Des années après, dans ce même immeuble, habita le critique d’art et fondateur du groupe des Nouveaux réalistes Pierre Restany. Destin ou hasard ? Car ce mouvement artistique, créé en 1960, se réfère au dadaïsme et s’approprie à sa façon des objets du quotidien, et surtout des objets industriels, afin de leur donner une nouvelle vie « plus humaine ». Restany est un des premiers à soutenir l’inventeur du monochrome, Yves Klein, alors que le monde artistique parisien le considère comme fou. Parmi les artistes du nouveau réalisme, on découvre : Arman, Spoerri, Niki de Saint-Phalle, Tinguely, Dufrêne, Raysse, Hains, Villglé, Christo.  

Dans le même immeuble, habitait Jean-Pierre Raynaud, artiste contemporain, dont vous pouvez trouver le fameux pot de fleurs doré surdimensionné sur la terrasse du 6e étage du Centre Pompidou.
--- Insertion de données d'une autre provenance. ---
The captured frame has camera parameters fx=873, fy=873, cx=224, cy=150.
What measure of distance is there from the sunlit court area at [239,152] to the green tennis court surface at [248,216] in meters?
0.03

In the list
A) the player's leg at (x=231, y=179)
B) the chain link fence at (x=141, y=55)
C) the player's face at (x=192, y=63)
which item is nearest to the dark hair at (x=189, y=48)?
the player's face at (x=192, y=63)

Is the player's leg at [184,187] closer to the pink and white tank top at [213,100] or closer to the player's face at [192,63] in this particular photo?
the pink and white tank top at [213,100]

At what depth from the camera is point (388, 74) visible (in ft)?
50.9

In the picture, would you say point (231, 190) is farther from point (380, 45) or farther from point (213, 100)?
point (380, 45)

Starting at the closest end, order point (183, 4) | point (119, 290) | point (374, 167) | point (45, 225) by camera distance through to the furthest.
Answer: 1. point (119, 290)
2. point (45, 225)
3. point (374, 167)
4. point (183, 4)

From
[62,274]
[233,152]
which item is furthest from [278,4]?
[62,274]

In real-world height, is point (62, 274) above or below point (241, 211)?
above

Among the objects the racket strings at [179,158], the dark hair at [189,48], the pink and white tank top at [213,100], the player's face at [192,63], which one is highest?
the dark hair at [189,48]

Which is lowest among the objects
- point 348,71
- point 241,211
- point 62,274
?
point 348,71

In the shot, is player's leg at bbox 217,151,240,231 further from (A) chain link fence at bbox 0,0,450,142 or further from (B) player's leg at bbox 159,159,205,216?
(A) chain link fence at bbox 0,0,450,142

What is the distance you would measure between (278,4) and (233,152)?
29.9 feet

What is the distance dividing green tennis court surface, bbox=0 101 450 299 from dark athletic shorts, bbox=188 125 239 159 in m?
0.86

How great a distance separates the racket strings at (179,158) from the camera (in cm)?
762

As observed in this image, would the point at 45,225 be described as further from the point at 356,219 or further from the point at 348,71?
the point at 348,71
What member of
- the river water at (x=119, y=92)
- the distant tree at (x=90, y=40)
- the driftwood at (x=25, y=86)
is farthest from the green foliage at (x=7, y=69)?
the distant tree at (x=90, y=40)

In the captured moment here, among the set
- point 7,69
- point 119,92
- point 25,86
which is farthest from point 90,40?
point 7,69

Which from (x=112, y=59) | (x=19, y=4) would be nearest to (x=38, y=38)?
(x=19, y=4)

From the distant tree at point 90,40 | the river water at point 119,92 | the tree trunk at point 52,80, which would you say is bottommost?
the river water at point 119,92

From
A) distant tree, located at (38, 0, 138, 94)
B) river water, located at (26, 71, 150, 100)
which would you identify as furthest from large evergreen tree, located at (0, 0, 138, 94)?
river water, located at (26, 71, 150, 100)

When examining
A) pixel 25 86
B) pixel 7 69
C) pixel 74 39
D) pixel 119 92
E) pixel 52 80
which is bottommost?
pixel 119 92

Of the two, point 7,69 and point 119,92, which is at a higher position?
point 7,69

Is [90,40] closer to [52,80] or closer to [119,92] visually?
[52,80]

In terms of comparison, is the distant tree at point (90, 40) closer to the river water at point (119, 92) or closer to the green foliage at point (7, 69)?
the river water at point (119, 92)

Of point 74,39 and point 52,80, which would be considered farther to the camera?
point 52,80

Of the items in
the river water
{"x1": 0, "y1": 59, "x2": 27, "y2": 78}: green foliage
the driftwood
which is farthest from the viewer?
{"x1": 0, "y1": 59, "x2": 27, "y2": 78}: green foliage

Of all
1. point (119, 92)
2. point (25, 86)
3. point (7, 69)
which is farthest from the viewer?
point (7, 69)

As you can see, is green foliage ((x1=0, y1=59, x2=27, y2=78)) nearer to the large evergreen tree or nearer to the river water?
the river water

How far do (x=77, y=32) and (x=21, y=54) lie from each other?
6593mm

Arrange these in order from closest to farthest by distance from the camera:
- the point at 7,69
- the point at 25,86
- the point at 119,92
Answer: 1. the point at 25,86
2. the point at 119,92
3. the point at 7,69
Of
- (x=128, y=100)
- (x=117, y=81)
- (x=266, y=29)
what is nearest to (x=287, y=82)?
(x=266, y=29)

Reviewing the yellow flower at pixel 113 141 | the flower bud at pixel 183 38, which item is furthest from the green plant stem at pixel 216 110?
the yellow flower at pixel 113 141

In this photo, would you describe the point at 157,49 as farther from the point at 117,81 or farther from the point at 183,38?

Il est également connu pour son travail avec le carrelage en céramique blanc. N’avez-vous pas entendu parler de la maison qu’il s’est fait construire à Saint-Cloud en 1969, entièrement carrelée de blanc du dedans au-dehors? Trente ans après, il décide de la détruire et d’exposer les morceaux dans des conteneurs au musée d’art contemporain de Bordeaux. 

Hôtel Istria : 29, rue Campagne première 

Cet hôtel a vu passer les personnalités les plus originales, dont le poète allemand Rainer Maria Rilke, de nombreux artistes dadaïstes comme Marcel Duchamp, Tristan Tzara, Francis Picabia, Man Ray, le peintre franco-polonais Moïse Kiesling, le compositeur Erik Satie, le poète russe Vladimir Maïakovski, la chanteuse, danseuse et modèle Kiki de Montparnasse, le poète surréaliste Louis Aragon et sa femme Elsa Triolet. Ce lieu romantique avait inspiré un des poèmes du recueil Il ne m’est Paris que d’Elsa (1964) de Louis Aragon : 

« Ne s’éteint que ce qui brilla…
Lorsque tu descendais de l’hôtel Istria
Tout était différent Rue Campagne Première
En mil neuf cent vingt neuf, vers l’heure de midi »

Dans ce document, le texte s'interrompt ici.